Accelerating Scientific Applications with OpenMP for GPUs

Description

2 x 1.5 hours including hands-on.

Target audience:
Part 1: attendees with some HPC background but little or no prior experience with OpenMP GPU offload.
Part 2: attendees with prior exposure to OpenMP offload, including participants from Part 1.

OpenMP has become a valuable option for porting scientific applications to GPUs: what makes it attractive are portability, relative simplicity and a quick ramp up time compared to other GPU programming approaches.
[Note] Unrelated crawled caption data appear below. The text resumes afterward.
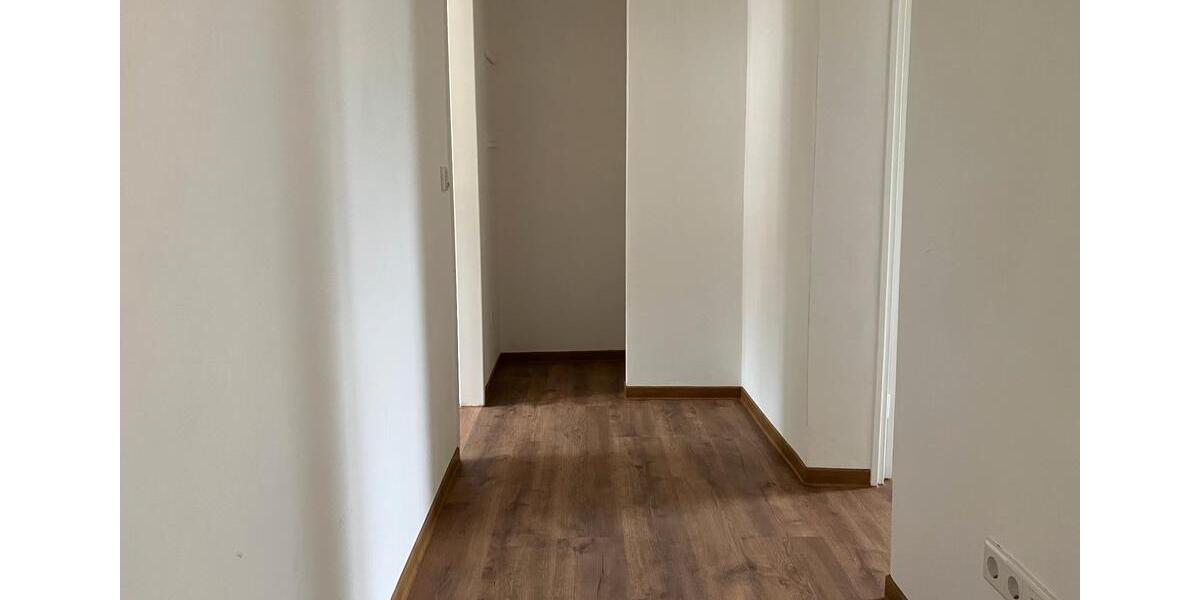 Etagenwohnung Melsungen - 2 Zimmer, 54 m&sup2;, 410&euro; | Angebot:26366712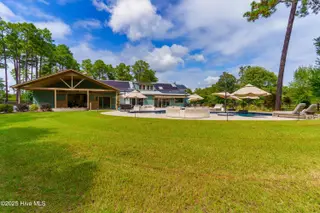 3545 Youngs Road, Southern Pines, NC 28387 – photo 11: 3545 Youngs Rd-63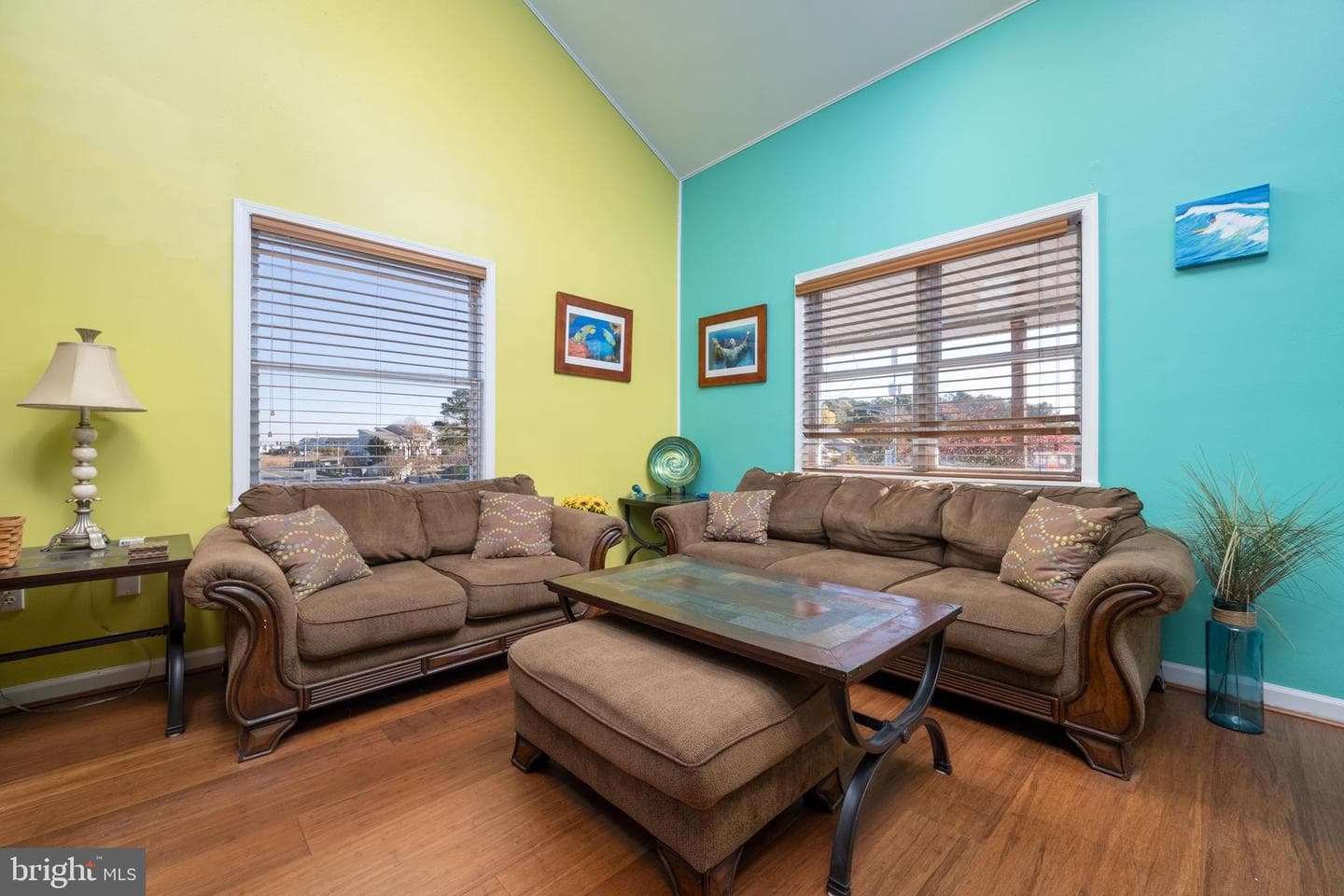 14211 Dukes Avenue #203 photo 11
In this tutorial, we will show how to implement OpenMP offloading in practice for C/C++ and Fortran applications.
This hands-on tutorial is organized into two parts:

First, we introduce the fundamentals of OpenMP offload for GPUs and discuss how unified shared memory on systems such as the AMD Instinct MI300A can simplify the transition of your codebase from CPU to GPU. Participants will explore these concepts through practical exercises in C/C++ and Fortran, with a particular focus on how OpenMP can support incremental porting of existing CPU HPC applications.
In the second part, we move towards intermediate and advanced topics, focusing on performance-oriented OpenMP programming: using application examples, we will discuss common performance pitfalls, how to address them and strategies for improving GPU utilization in real codes. We will also compare OpenMP target offload with HIP, a lower-level GPU programming model from AMD. With this information, attendees will be empowered to make a well-informed decision on the choice of programming model for their own CPU to GPU porting.

Attendees will be allowed to perform the hands-on portion of the tutorial on an AMD Instinct MI300A system that features different ROCm versions as well as the latest Fortran compilers from AMD.